Treatment with a higher total cumulative dose of cisplatin, young age, and concomitant furosemide administration are associated with an increased risk of ototoxicity in childhood cancer survivors treated with platinum-based therapy, according to a study published in the European Journal of Cancer.1
Platinum-containing chemotherapeutic agents are efficacious for the treatment of various pediatric malignancies; however, these drugs, particularly cisplatin, can induce ototoxicity.
Because large cohort data on the ototoxicity of childhood cancer survivors who received platinum agents without cranial irradiation are limited, researchers sought to assess the frequency of, and factors associated with, ototoxicity in a multicenter, cross sectional cohort of pediatric cancer survivors.
For the study, investigators analyzed treatment data and audiograms from 451 childhood cancer survivors who received platinum agents but not cranial irradiation.

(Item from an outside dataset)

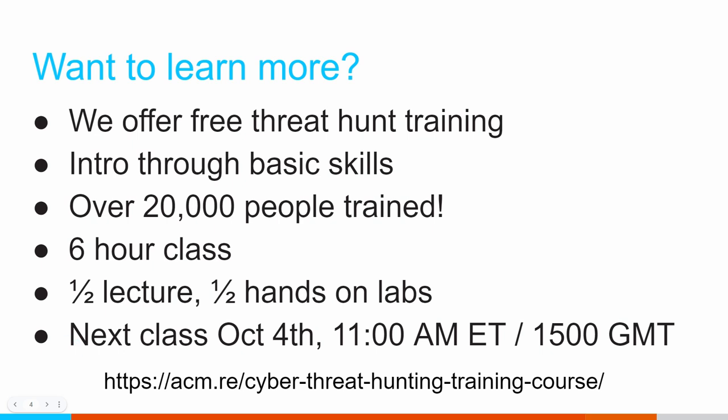And, hey, if you have fun doing this type of thing like I do, we offer a free threat hunting class. It's six hours, about half lecture, half hands-on labs. We have a virtual machine that you can download and do the labs yourself. We give you time for that during the class. Basically, what I do is I kind of talk you through this is how to do threat hunting. And now, hey, you do some threat hunting and follow that process to see how this whole thing works. The next class we're doing is next week. If you want to sign up for that, here's the link at the bottom. So thanks. Hope you enjoyed the video. I will see you in the next one.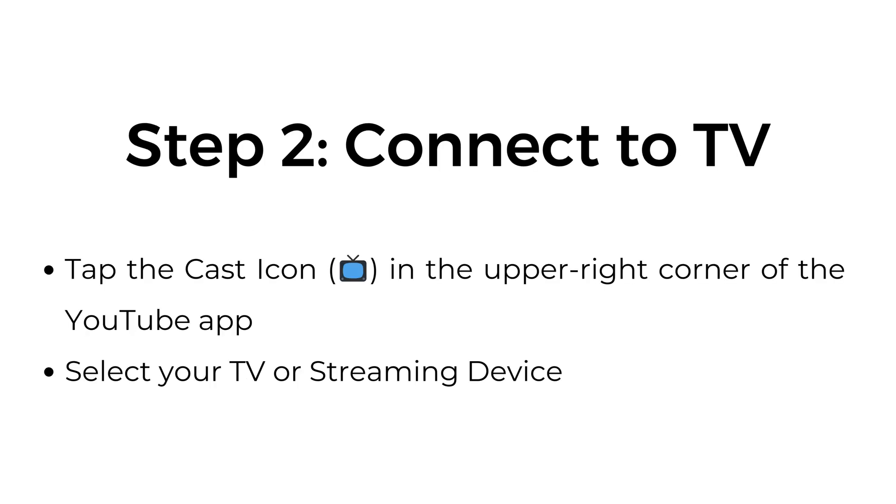Step number two, connect to TV. Tap the cast icon in the upper right corner of the YouTube app. Select your TV or streaming device.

Results showed that 42% of patients overall reported ototoxicity. Researchers observed ototoxicity in 45% of cisplatin-treated patients, in 17% of carboplatin-treated patients, and in 75% of those who received both agents.
After adjusting for confounding factors, the study demonstrated that younger age at diagnosis (odds ratio [OR], 0.6; 95% CI, 0.5-0.6 per 5 year increase), higher total cumulative cisplatin dose (OR, 1.2; 95% CI, 1.2-1.5 per 100 mg/m2 increase), and concomitant treatment with furosemide (OR, 2.3; 95% CI, 1.4-3.9) were significantly associated with an increased risk for developing ototoxicity.
Future studies are warranted to confirm the additive risk of simultaneous administration of furosemide on the development of ototoxicity.
1. Clemens E, de Vries AC, Pluijm SF, et al. Determinants of ototoxicity in 451 platinum-treated Dutch survivors of childhood cancer: A DCOG late-effects study. Eur J Cancer. 2016;69:77-85.